Stan the Man

Forget-me-not (Myosotis sp.)

Oh, these? I brined those olives outside of Baur, take! Take more. More—

In all four years of my college experience, I had never met a man so eager to harvest the bitter little olives that grew, unnoticed, outside of the small Arts and Sciences building on west campus. Or now that I think about it, those small passion fruits too, which inhabited the butterfly garden through the late summer months, tasting like watery echoes of their relatives in the tropics. Or, even, the pea flowers that vined up the lamps besides one of our biology buildings (which ended up being toxic so we begged him to stop eating them). Or

—uh, okay. You probably get the point.

While scouting, I spotted some angel wings (Pleurocybella porrigens)! This was the first time I had seen this mushroom and I admit it does look quite ethereal.

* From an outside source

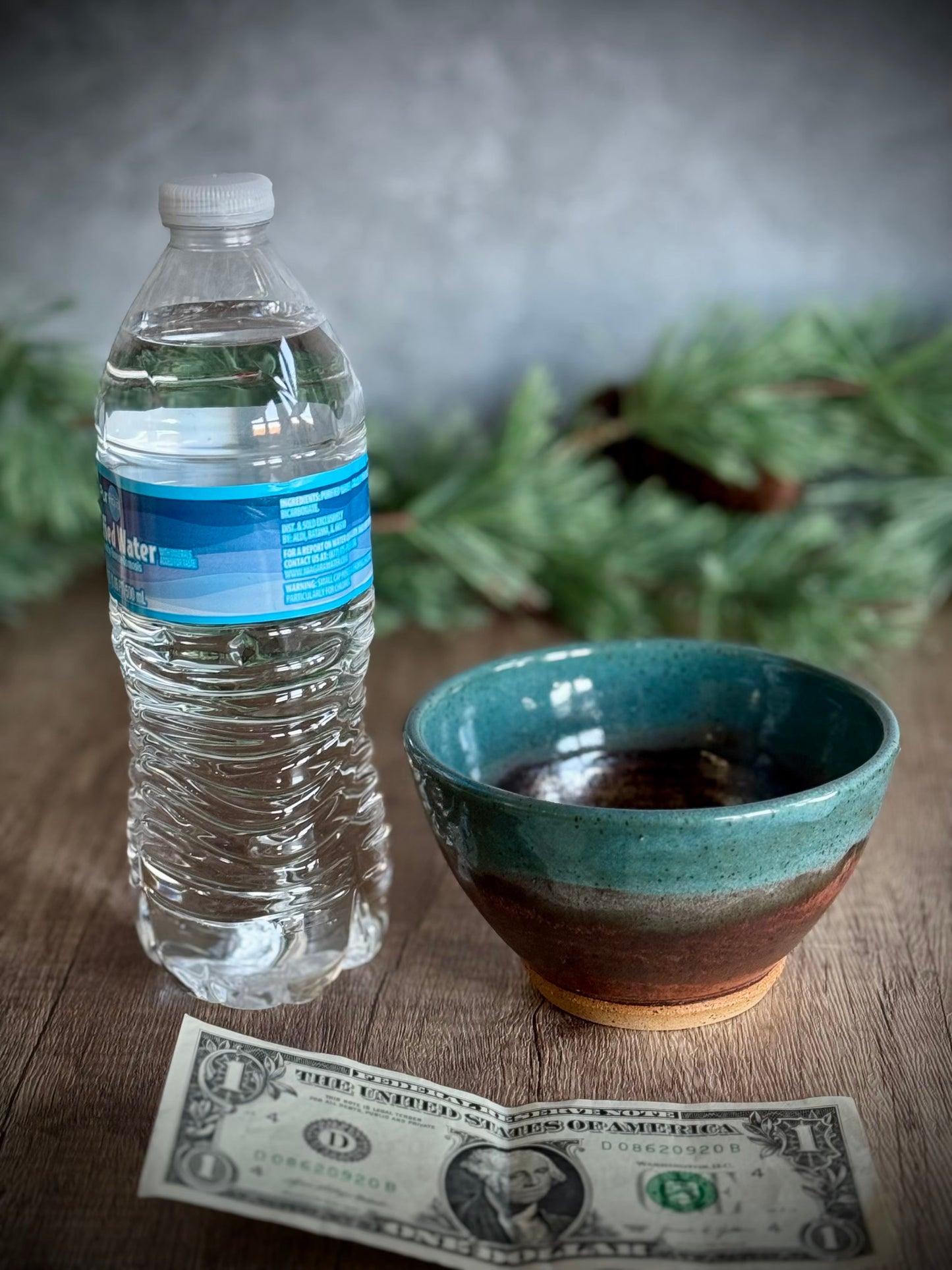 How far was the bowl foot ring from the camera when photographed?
2.03ft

I have a lot of memories of Stan. In the fall of my junior year, I heard Stan had tapped the maple trees on city sidewalks. Then, that he was making flour from acorns. Then, that he was going mushroom hunting in Forest Park and that all were welcome to come with. Or, most memorably in my sophomore spring, that he was making his yearly fishing trip up in Montauk State Park, and that I was invited. He was the coolest college advisor I could ask for.

Neither of us could’ve possibly known, but Stan laid the groundwork for life in Alaska.

Stan taught me how to fish. In Montauk, he showed me the way around a spinning reel on a camping lot, comparing the casting motion to throwing a frisbee. Memories of fishing puns and superstition, of the stink of bait, of camp jambalaya and marshmallows and of Stan’s fuzzy little trapper hat in the morning cold feed into my brain. His energy was contagious. When my friends and I reeled in several fish that night, he taught us how to clean them.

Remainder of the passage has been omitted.